Dia merinci, inflasi tahun 2023 disepakati sedikit meningkat dari semula 3,3% menjadi 3,6% dengan mempertimbangkan tekanan inflasi global yang diperkirakan masih tinggi, serta volatilitas dan ketidakpastian dari pergerakan harga komoditas global. Untuk nilai tukar Rupiah terhadap Dolar AS, berubah dari semula Rp14.750/US$ menjadi Rp14.800/US$, terutama mempertimbangkan masih tingginya ketidakpastian prospek ekonomi global serta masih ketatnya kondisi likuiditas global.
“Pemerintah dan DPR juga menyepakati asumsi harga minyak mentah Indonesian Crude Price (ICP) tetap berada pada level US$90/Barel, dengan pertimbangan bahwa harga komoditas di tahun 2023 akan mengalami moderasi dibandingkan tahun ini, sejalan dengan prospek pemulihan ekonomi global yang mengalami pelemahan,” katanya.
Sementara itu, dengan mempertimbangkan masih adanya peluang untuk mendorong peningkatan, lifting migas juga sedikit dinaikkan dari sebelumnya 1,050 (BOEPD) menjadi 1,100 (BOEPD).
Kemudian, lanjut Febrio, target pendapatan negara disepakati menjadi Rp2.463,0 triliun naik sebesar Rp19,4 triliun dari RAPBN 2023 yang sebesar Rp2.443,6 triliun. Penerimaan perpajakan tahun 2023 menjadi sebesar Rp2.021,2 triliun atau lebih tinggi Rp4,3 triliun dari target perpajakan yang diusulkan dalam RAPBN 2023.

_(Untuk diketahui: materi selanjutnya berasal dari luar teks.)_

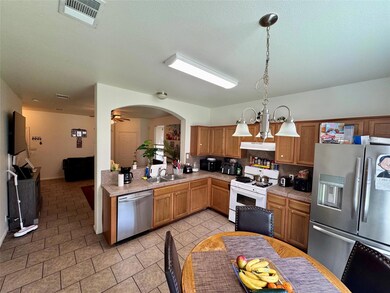 Kitchen featuring stainless steel appliances, a s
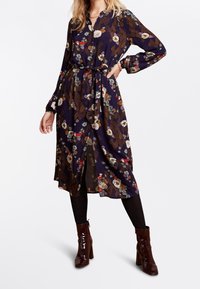 Blommig midiklänning i marinblått medknappstängning framtill, långa ärmar, knytmidja och med en mix av blommor och geometriska mönster. Bärs med svarta strumpbyxor och bruna ankelskor.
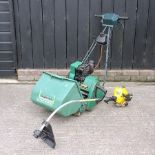 A Qualcast petrol lawnmower,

“Kenaikan target penerimaan perpajakan tersebut didapatkan dari hasil usaha lebih (extra effort) penerimaan pajak sebesar Rp2,9 triliun dan penerimaan kepabeanan dan cukai sebesar Rp1,4 triliun,” ungkapnya.
Sedangkan penerimaan PNBP meningkat Rp15,1 triliun, yang terdiri dari Penerimaan Sumber Daya Alam (SDA) naik Rp7,2 triliun, Penerimaan Kekayaan Negara Dipisahkan (KND) naik Rp5,0 triliun serta Pendapatan PNBP lainnya naik Rp2,9 triliun.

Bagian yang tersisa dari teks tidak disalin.